Ayaş, Ankara’nın beslenmesinde önemli bir yer tutar. Başkentliler, semt pazarlarında Ayaş domatesi ararlar yana yana. Bir başka tadı, rengi, kokusu vardır o topraklarda yetişen sebzenin, meyvenin. Her şeyin yerlisini yemeye, kullanmaya eğilimi yüksektir Başkentlilerin.

Doğa Ayaşlılara oldukça cömert davranmıştır. Ilıcaları, kaplıcaları, her derde deva içmeleriyle ünlenmiştir Ayaş. Soğuk suyla karıştırılmazsa içine girdiğinizde haşlanacağınız derecede sıcaktır doğal suyu. Biz başkentlilerin, havuzlarında bedenimizi yumuşattığımız, sıcak kükürtlü suyuyla sindirim yolumuzu yıkayıp arıttığımız bir sağlık merkezdir bu küçük ilçe.

 Son birkaç yıla değin uzaktan tanıdığımız Ayaş, şöyle bakılıp geçilecek bir coğrafya olmaktan çok daha fazlasıdır. Her ne kadar, sebzesi, elması, armudu, kavunu-karpuzuyla duyurmuşsa da adını, bu denli bolluk ve bereket içinde yüzdüğünü, köylerinin, beri benzer kentleri aratmayacak görgü ve kültür düzeyinde yapılandığını sevinerek gördük. Halâ o eski ahlâkını yitirmemiş orta yaş üstü köylüler inatla üretmeyi sürdürüyorlar. Gençlerse, paranın vazgeçilmez çekiciliğine kapılıp tarlalarını, bahçelerini satıp, kentlerde yaşama düşlerini gerçekleştirme yolundalar. Aslına bakarsanız, Ankara’nın, kentten sıkılmış varsılları soluğu Ayaş’ın meyve bahçelerinde almaya başlayalı çok bir zaman geçmiş de değil. On-on beş yıl kadar bir şey. Bu kısa sayılacak sürede, tarlaların büyük bölümünün el değiştirdiği, çitlerle çevrili arazilerden belli oluyor. Ankara’dan gelişte Ayaş’a on beş kilometre kala, sağ tarafta yol boyunca Baş Bereket, Orta Bereket köylerinden başlayıp, Çanıllı, Pınaryaka, Feruz, Evci köylerine doğru yayılan, geniş bahçeli lüks villalardan, mütevazı bağ / bahçe evlerine değin her keseye uygun bir yazlıkçılar cenneti oluşmuş. Ankara kaçkınlarının, eski Ayaş geleneğine uygun davrandıkları söylenemez ne yazık ki. En verimli arazilerde kuruyorlar binalarını. Şimdilik, geniş araziler üstüne kurulmuş evler, villalar sıkış tıkış olmadığından, tarım alanlarının dokusunu bozmuyor gibi görünüyor. İlerde neler olur, bu güzelim bahçeler hoyratça paraya kurban mı edilir; çevreye saygılı yeni kuşaklar gelip doğaya saygılı mı davranır bilemiyorum.
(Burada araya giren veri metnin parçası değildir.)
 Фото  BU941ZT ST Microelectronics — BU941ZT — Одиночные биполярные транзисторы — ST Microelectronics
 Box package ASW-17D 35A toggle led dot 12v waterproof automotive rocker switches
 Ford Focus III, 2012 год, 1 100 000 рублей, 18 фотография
Büyük kentlerden kaçışma zorunlu görünüyor. Köylere yönelmenin, geç kalmadan planlanması, sürdürülebilir bir düzeyde tutulması gerekir.

 Büyük kentlerden kaçışma zorunlu görünüyor. Köylere yönelmenin, geç kalmadan planlanması, sürdürülebilir bir düzeyde tutulması gerekir. Bir yakınımızın beş altı yıl kadar önce, akıl edip satın aldığı tarla olmasaydı, bu güzelliklerden, bu olağanüstü bolluktan haberimiz bile olmayacaktı. Olanaklarını sevdikleriyle paylaşmaktan mutluluk duyan yakınımız, tarlasına hazır evlerden bir ev yaptırınca, Ayaş yollarında bulduk kendimizi. O yollarında harmanımız olmasa da ara da bir uğrayabileceğimiz, balkonunda gün batımını izleyebileceğimiz, gerektiğinde bir iki gece konaklayabileceğimiz, kısacası başımızı sokabileceğimiz bir dost evi var şimdi.
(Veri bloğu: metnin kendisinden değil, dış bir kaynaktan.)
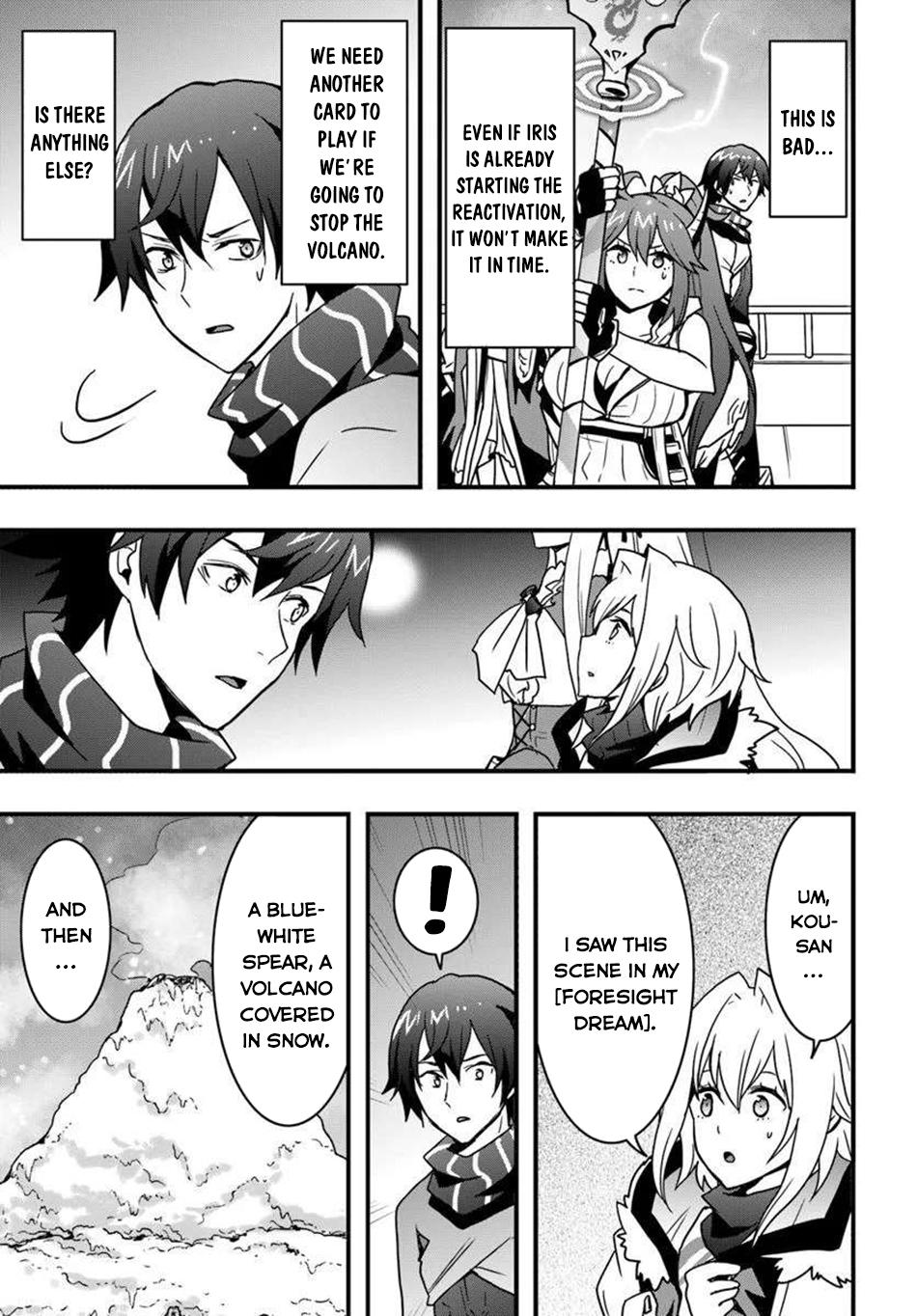 Isekai de Te ni Ireta Seisan Skill wa Saikyou Datta you desu. Chap 49 - Next Chap 50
 Bu duruma, yıllar önce Ege köylerinin, zeytin bahçelerinde de tanık olmuştuk. Zümrüt zeytinlikler, ilerde para edeceği düşünülerek varsıllarca kapatılmakta, zeytin ağaçları gerekli bakımdan yoksun bırakılıp, yozlaşmasına göz yumulmaktaydı. Ayaş köylerindeki durum da yavaş yavaş Ege köylerindeki duruma benzemeye başlamış yazık ki. Kapatılıp tel örgülerle çevrilmiş elma, armut, ayva bahçeleri bir yana, satılmayı bekleyen bahçelerin durumu yürekler acısı manzaralar seriyor önünüze. Meyveleri dalında sararmış, yerlere yığılmış, tel örgülerle çevrilmeyi bekleyen o denli çok meyve yüklü ağaçla karşılaştık ki duyduğumuz mutluluk koyu gölgelerde kaldı. Sevincimiz buruk olmaktan kurtulamadı.